Each line from the one containing "Damen Modische Freizeit" to the end of the material below is to be restated exactly, with pictures skipped.
-- Opening Marker --
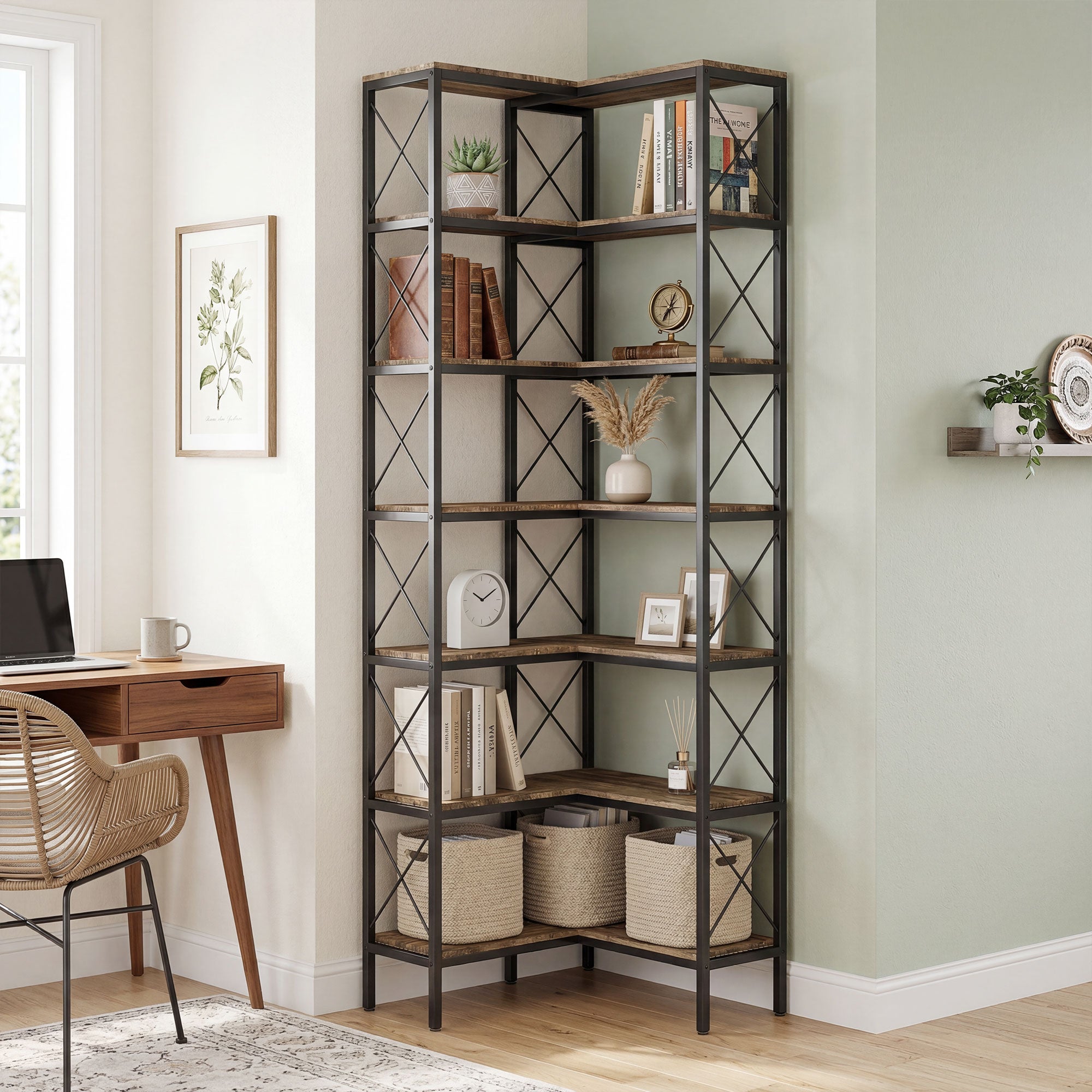 6-Tier L-Shaped Bookshelf, Freestanding Corner Bookcase with Metal Frame, Rustic Brown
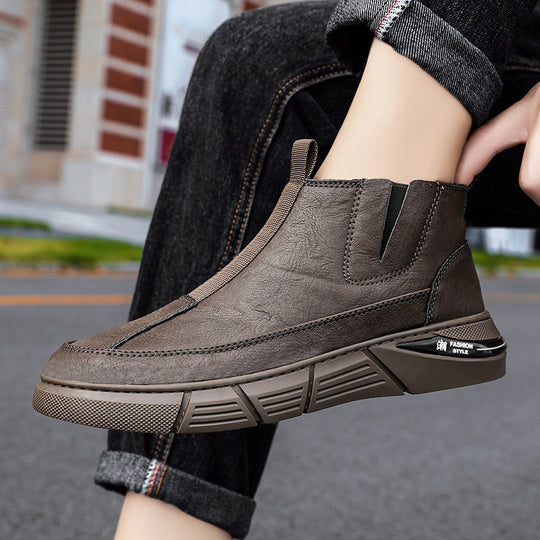 Damen Modische Freizeit Stiefeletten mit seitlichem Reißverschluss und rutschfester Sohle EB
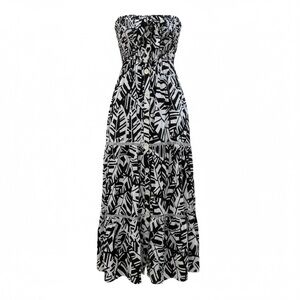Blue Island Black and White Patterned Maxi Dress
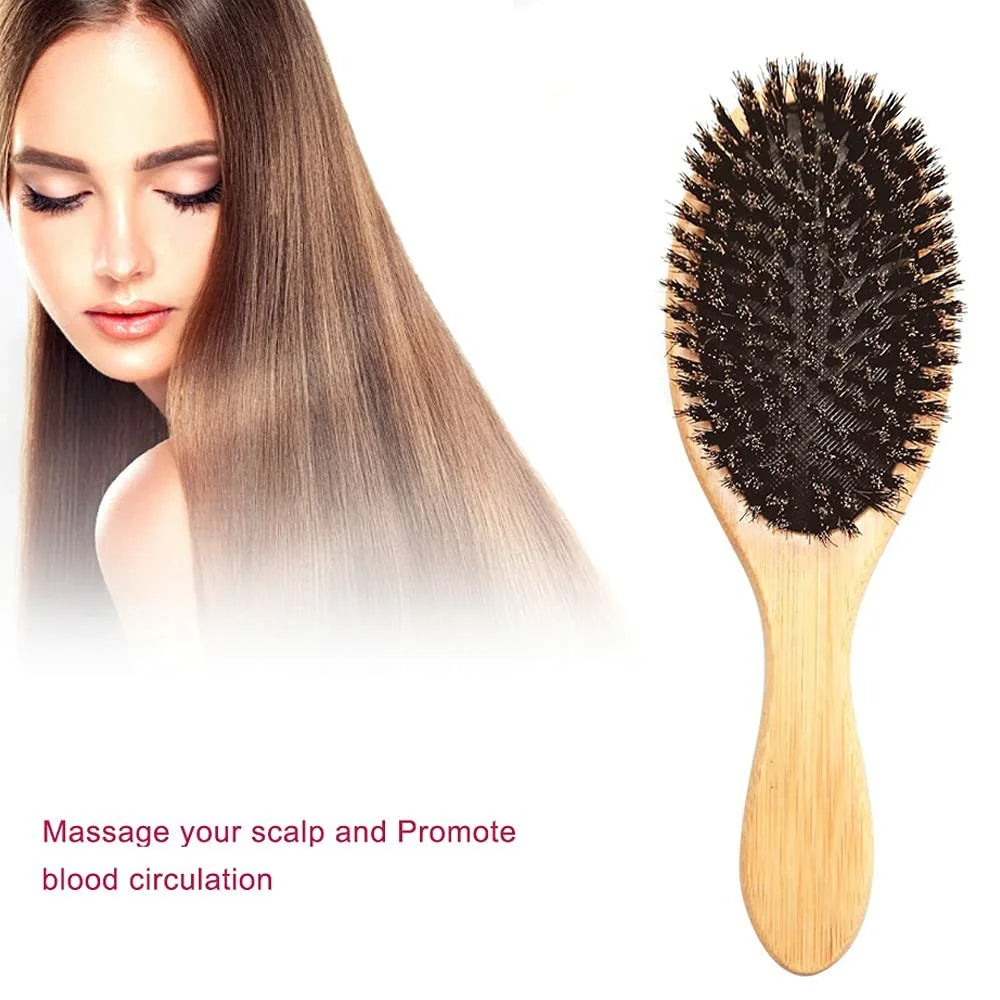 ZR-8050 Natural Bamboo Handle Scalp Massage Comb Portable Boar Hair Anti Static Brush Hair Care Tool - 2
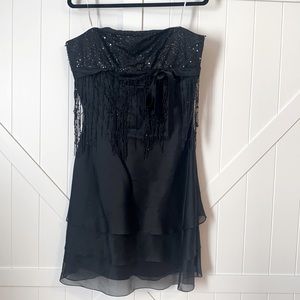 Kay Unger Black Strapless 2 Tiered Chiffon Dress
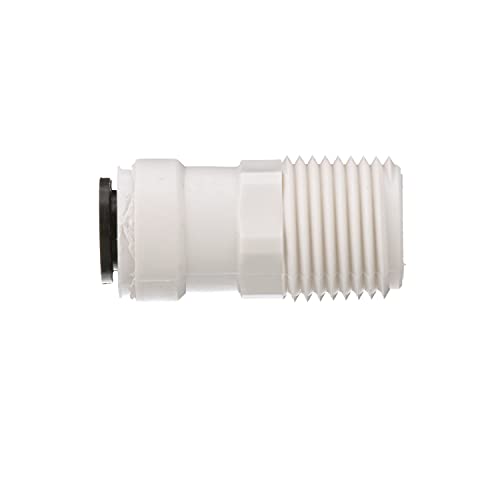 Watts 1001-0606 AquaLock Plastic Mini Series, 3/8" OD x 3/8" MNPT/NPTF Lead-Free Polypropylene Mini Male Adapter, O-Ring, Quick Push-to-Connect Design, Tool-Free Installation - Image 1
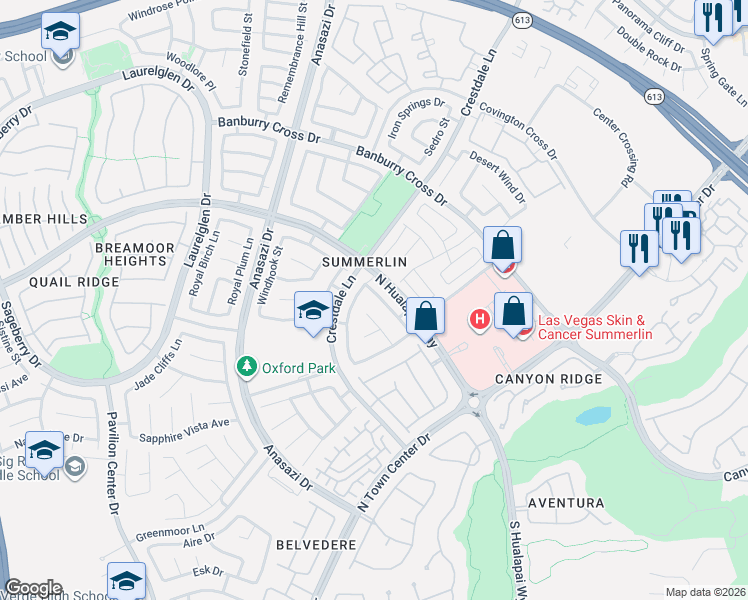 map of restaurants, bars, coffee shops, grocery stores, and more near 804 Canterbury Cross Place in Las Vegas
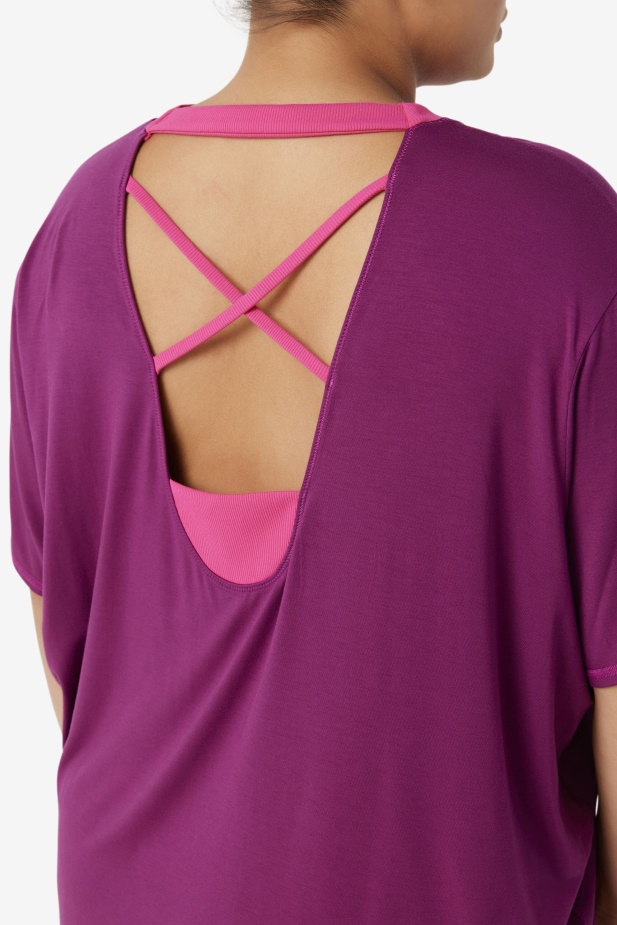 Fila Fi-lux Top S Krátkým Rukávem Purpurově Fialový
-- Closing Marker --
Written solution:
 Damen Modische Freizeit Stiefeletten mit seitlichem Reißverschluss und rutschfester Sohle EB
Blue Island Black and White Patterned Maxi Dress
 ZR-8050 Natural Bamboo Handle Scalp Massage Comb Portable Boar Hair Anti Static Brush Hair Care Tool - 2
 Kay Unger Black Strapless 2 Tiered Chiffon Dress
 Watts 1001-0606 AquaLock Plastic Mini Series, 3/8" OD x 3/8" MNPT/NPTF Lead-Free Polypropylene Mini Male Adapter, O-Ring, Quick Push-to-Connect Design, Tool-Free Installation - Image 1
 map of restaurants, bars, coffee shops, grocery stores, and more near 804 Canterbury Cross Place in Las Vegas
 Fila Fi-lux Top S Krátkým Rukávem Purpurově Fialový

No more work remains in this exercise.